Understanding human behavior through emotion recognition using electroencephalography (EEG) signals and facial videos is pivotal for advancing human–computer interaction and affective computing. The study presents the EmoTrans model, which uses EEG signals and facial video analysis to improve human–computer interaction and affective computing. By utilizing the DEAP dataset that contains EEG recordings and facial videos from participants who watched 40 movie clips, the model is effectively used in analyzing emotional states based on variables like valence, arousal, dominance, and liking. The EmoTrans architecture reached classification accuracies of 89.3%, 87.8%, 88.9%, and 89.1% for arousal, valence, dominance, and liking, respectively, with an overall accuracy of 89% in recognizing emotions such as happiness, excitement, calmness, and distress. The results were validated by paired t-tests, confirming that the model significantly outperformed baseline models.
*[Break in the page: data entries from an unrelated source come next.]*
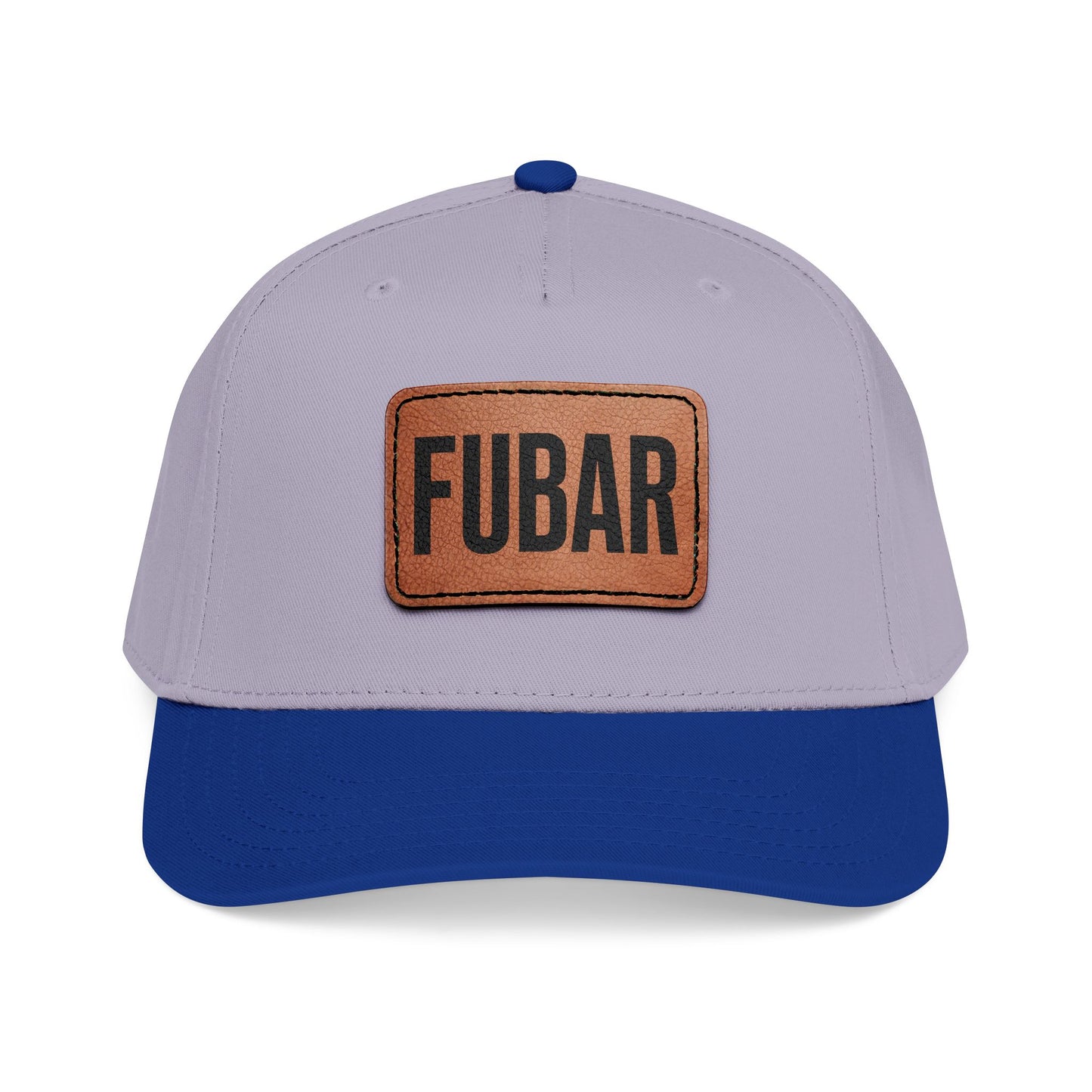 FUBAR Classic Leather Patch Hat
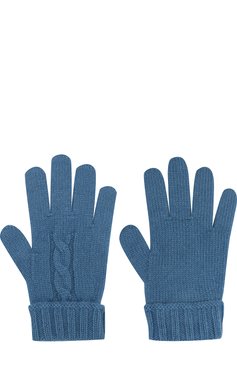 Детские кашемировые перчатки LORO PIANA голубого цвета, арт. FAG3895 | Фото 2 (Материал: Текстиль, Кашемир, Шерсть; Статус проверки: Проверена категория)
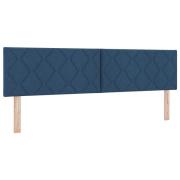 vidaXL Sänggavel Diamantblock Design Blå 180 cm Tyg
This architecture pays the correct attention to features in EEG and facial data, breaking the boundaries of emotion classification, and giving insights into deeper human emotional states. However, in the study, we have utilized the DEAP dataset has a limited sample size, in the future we should focus on increasing the datasets and using a more diverse group of participants, exploring multimodal fusion techniques, and utilizing advanced deep learning architectures. Such improvements would enhance real-time emotion recognition applications in interactive systems.